Thursday, January 17, 2008

Secure Your ASP.NET Application from a SQL Injection Attack

What is a SQL Injection Attack?

A SQL Injection Attack is when an attacker is able to execute potentially malicious SQL commands by putting SQL queries into web form input or the query string of a page request. Input forms where user or query string input directly affects the building of dynamic SQL queries or stored procedure input parameters are vulnerable to such an attack. A common scenario is as follows:

  • A web application has a login page through which access to the application is controlled. The login page requires a login and password to be provided.
  • The input from the login page is used to build a dynamic SQL statement or as direct input to a stored procedure call. The following code is an example of what could be used to build the query:
    System.Text.StringBuilder query =
    new System.Text.StringBuilder(
    "SELECT * from Users WHERE login = '")
    .Append(txtLogin.Text).Append("' AND password='")
    .Append(txtPassword.Text).Append("'");
  • The attacker enters input such as "' or '1'='1" for the login and the password.
  • The resulting SQL dynamic statement becomes something similar to: "SELECT * from Users WHERE login = '' or '1'='1' AND password = '' or '1'='1'".
  • The query or stored procedure is then executed to compare the inputted credentials with those persisted in the database.
  • The query is executed against the database and the attacker is incorrectly granted access to the web application because the SQL command was altered through the injected SQL statement.

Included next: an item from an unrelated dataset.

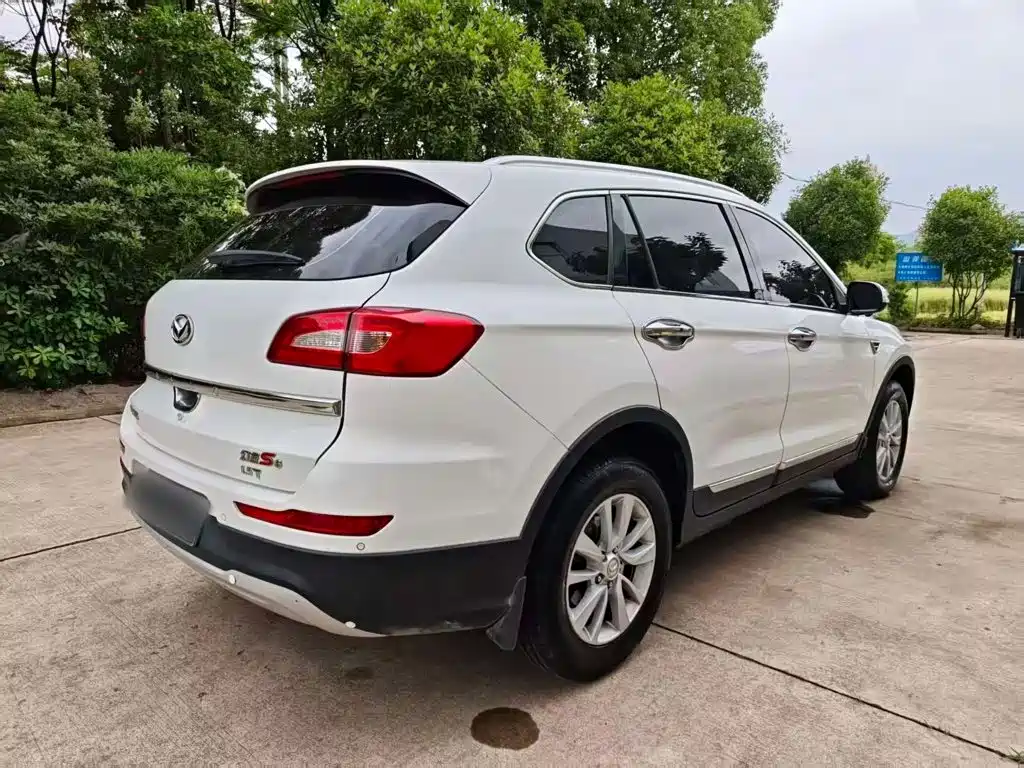 BAIC Huansu S6 2016 2016 1.5T Manual Smart Edition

Knowing that there is a relatively good chance the application is going to take the input and execute a search to validate it, an attacker is able to enter a partial SQL string that will cause the query to return all users and grant them access to the application.

What could someone do to my application?

The amount of damage an attacker could do is different for each environment. It mainly depends upon the security privileges under which your application is accessing the database. If the user account has administrator or some elevated privileges, then the attacker could do pretty much whatever they wanted to the application database tables, including adding, deleting, or updating data or even potentially dropping tables altogether.

How do I prevent it?

The good news is that preventing your ASP.NET application from being susceptible to a SQL Injection Attack is a relatively simple thing to do. You must filter all user input prior to using it in a query statement. The filtering can take on many forms.

  • If you are using dynamically built queries, then employ the following techniques:

    • Delimit single quotes by replacing any instance of a single quote with two single quotes which prevents the attacker from changing the SQL command. Using the example from above, "SELECT * from Users WHERE login = ''' or ''1''=''1' AND password = ''' or ''1''=''1'" has a different result than "SELECT * from Users WHERE login = '' or '1'='1' AND password = '' or '1'='1'".
    • Remove hyphens from user input to prevent the attacker from constructing a query similar to: SELECT * from Users WHERE login = 'mas' -- AND password ='' that would result in the second half of the query being commented out and ignored. This would allow an attacker that knows a valid user login to gain access without knowing the user's password.
    • Limit the database permissions granted to the user account under which the query will be executing. Use different user accounts for selecting, inserting, updating, and deleting data. By separating the actions that can be performed by different accounts you eliminate the possibility that an insert, update, or delete statement could be executed in place of a select statement or vice versa.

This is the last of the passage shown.